Pada dasarnya DPR Aceh tidak menaruh keberatan terhadap wacana tersebut, tetapi tanpa kesiapan dan kemandirian pemerintah, kita khawatir akan menimbulkan dampak negatif untuk Aceh, salah satunya keterbatasan skill, sehingga tidak dapat memproduksi gas secara maksimal, dan akhirnya pemerintah dituntut untuk memberikan subsidi sementara demi kelancaran pengelolaan.
“Oleh sebab itu pemerintah diharap untuk mengkaji kembali terkait wacana tersebut.
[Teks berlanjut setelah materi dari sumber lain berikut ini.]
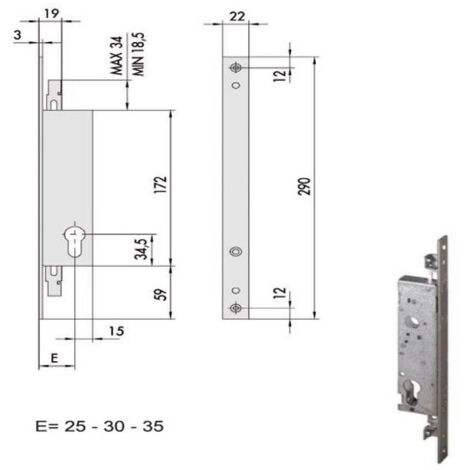Serrure d'insertion pour montants All 46270-35-0 Cisa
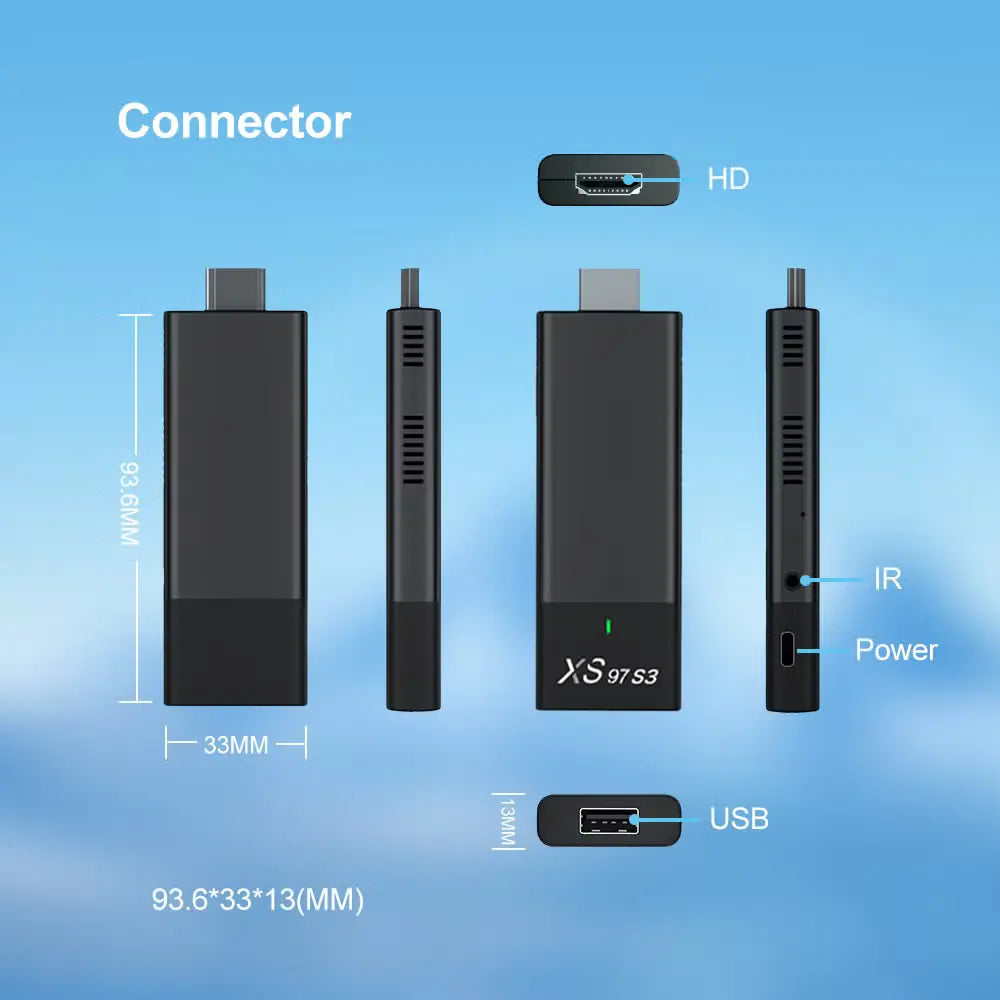 Xs97 S3 Allwinner H313 Android 10 Dual Wifi Quad Core 2gb+8gb 4k Tv Stick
Kalau memang belum mampu dan siap jangan terlalu di paksakan, biarlah Blok B itu, dikelola kembali Pertamina untuk sementara waktu, dengan syarat pihak Pertamina harus mengembangkan kemampuan tenaga lokal, agar menjadi tenaga skil dan ahli didalam pengelolaan migas, dalam jangka waktu sebagai disepakati bersama” demikian angota DPR Aceh Muslim Syamsuddin.
Peresmian Bulking Terminal Facility Pusat Logistik Berikat sekaligus pemotongan pita dikakukan Pemerintah Aceh yang diwakili oleh Mahyuzar Staf ahli Pemerintah bidang Ekonomian dan suberdaya Manusia juga turut di dampingi Bupati Aceh Utara, H. Muhammad Thaib, Ketua Komite Peralihan Aceh, Muzakir Manaf, unsur Forkopimda, dan juga Ketua serta Anggota DPRK setempat. (HS).